Paramount DEI exec axed only White lawyers over 50, lawsuit claims

Complaint alleges company replaced 30-year Emmy winner with 25-year-old under false restructuring

Paramount DEI exec axed only White lawyers over 50, lawsuit claims

A 30-year Paramount attorney claims the company's DEI committee fired older White lawyers and replaced them with younger diverse hires under a false restructuring.

Joseph E. Jerome says his three-decade career at Paramount Global ended abruptly last August when the company terminated him at age 58, despite five Emmy Awards and two decades as production counsel for Entertainment Tonight.

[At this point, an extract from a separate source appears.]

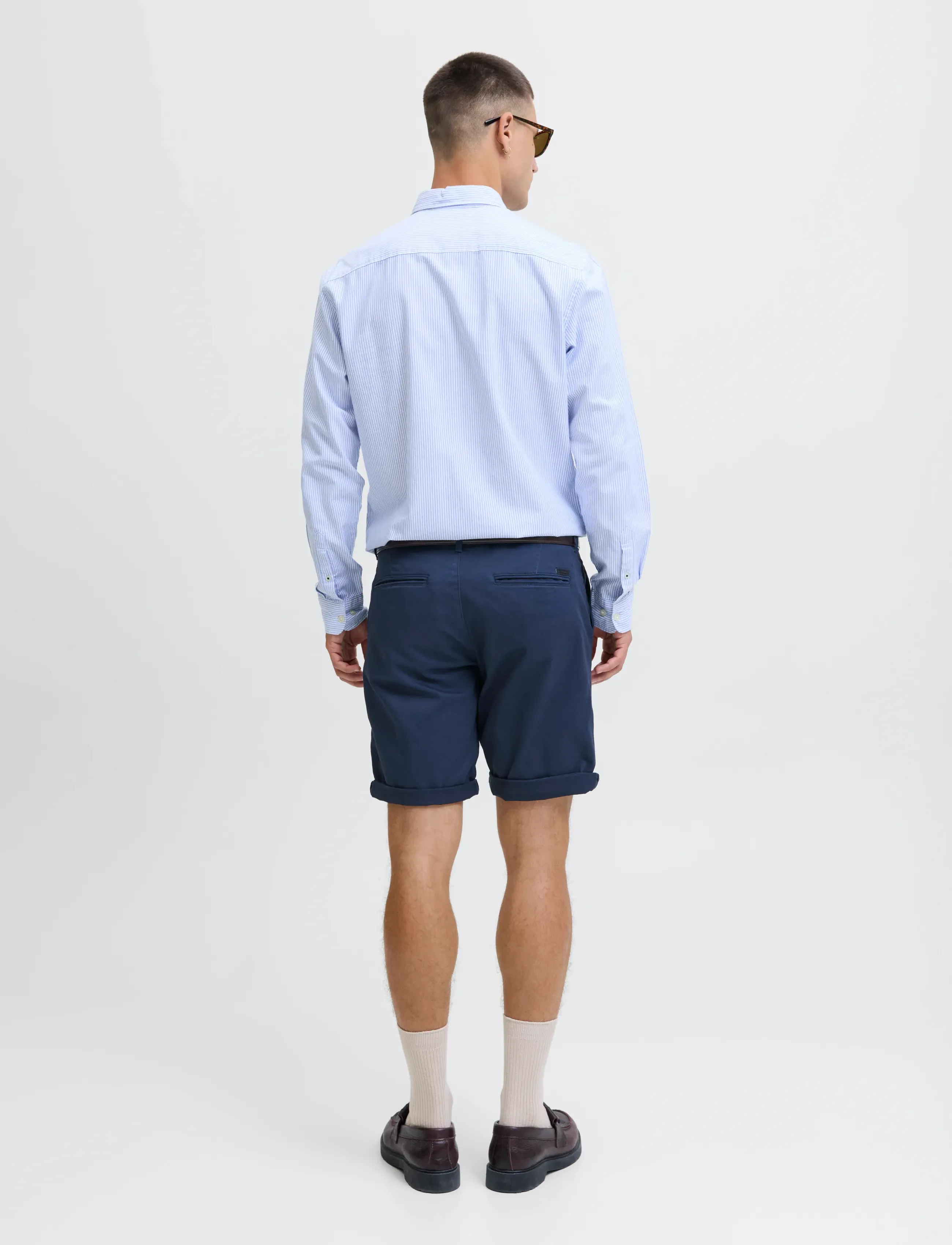 Jack & Jones - JPSTBOWIE SHORTS SOLID REG SN - chinos shorts - navy blazer - 3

In a lawsuit filed October 31 in federal court in California, Jerome alleges the media giant used diversity initiatives as cover to systematically push out experienced White attorneys over 50 and bring in younger replacements of different races.

Jerome worked at Paramount and its predecessor companies Viacom International and CBS Corporation from 1994 until his termination in August 2024. He remains the only attorney in CBS history to receive a producing credit on a show he was responsible for, according to the filing. His most recent Emmy win came in 2024, and he has a sixth nomination pending.

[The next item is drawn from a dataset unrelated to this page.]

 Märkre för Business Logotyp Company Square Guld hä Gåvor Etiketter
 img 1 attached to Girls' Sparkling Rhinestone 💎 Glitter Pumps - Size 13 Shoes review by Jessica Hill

The allegations center on Nicole Harris Johnson, who heads Paramount Legal's Diversity, Equity, and Inclusion committee while serving as Executive Vice President of Business and Legal Affairs of CBS News, CBS Stations, and CBS Media Ventures. Jerome claims Johnson fired three CBS Media Ventures production attorneys in 2024, all of them White and over 50.

According to the filing, the trouble began at a November 2023 meeting where Wendy McMahon, then president of CBS News, Stations and CMV, reportedly complained about the older demographics of viewership and said she wanted younger staff to attract younger viewers. Shortly after, Johnson repeatedly criticized Jerome for thinking "old" during a discussion about a prospective deal, the lawsuit states.

Jerome says he was replaced by Katelyn Segrest, a 25-year-old Black recent law school graduate and former CMV intern.

The alleged pattern extended beyond Jerome. In February 2024, Johnson terminated David Andriole, 59 and White, who had served as production counsel for Hot Bench for four seasons. He was replaced by Jubine David Sadighi, 40 and Asian, whose previous role had been eliminated in a corporate restructuring but who Johnson retained anyway, according to the filing.

That same month, Johnson terminated Edith Walters, 50 and White, who had worked alongside Jerome at Entertainment Tonight for four years. She was replaced first by Thu Duong, 49 and Asian, then by Robin Dunlop, 54 and Black, who had no prior production experience. Like Sadighi, Dunlop's previous role had been cut in the restructuring but she was kept on, the lawsuit claims.

As of February 2024, the CMV lawyers' group was roughly evenly split between attorneys over and under 50, and between White attorneys and attorneys of other races. Yet throughout 2024, every single attorney Johnson terminated was White and over 50, according to the filing.

Jerome alleges Paramount had embedded its DEI policy into every aspect of the employee experience, with executive compensation tied to meeting diversity goals. Out of just four stated objectives for the entire Paramount Legal Department in 2023, one focused on "prioritizing our commitment to DE&I" by "maintaining or increasing SVP+ female representation and increasing VP+ Ethnically Diverse representation." Those goals reportedly continued through 2024.

The lawsuit also accuses Paramount of violating California's WARN Act by failing to give Jerome the required 60 days notice before terminating more than 50 employees on August 13, 2024.

Jerome filed a discrimination charge with the Equal Employment Opportunity Commission, which issued a right-to-sue notice on August 4, 2025. His lawsuit asserts violations of the Age Discrimination in Employment Act, Title VII of the Civil Rights Act, California's Fair Employment and Housing Act, and California's WARN Act.

The case is pending in the United States District Court for the Central District of California.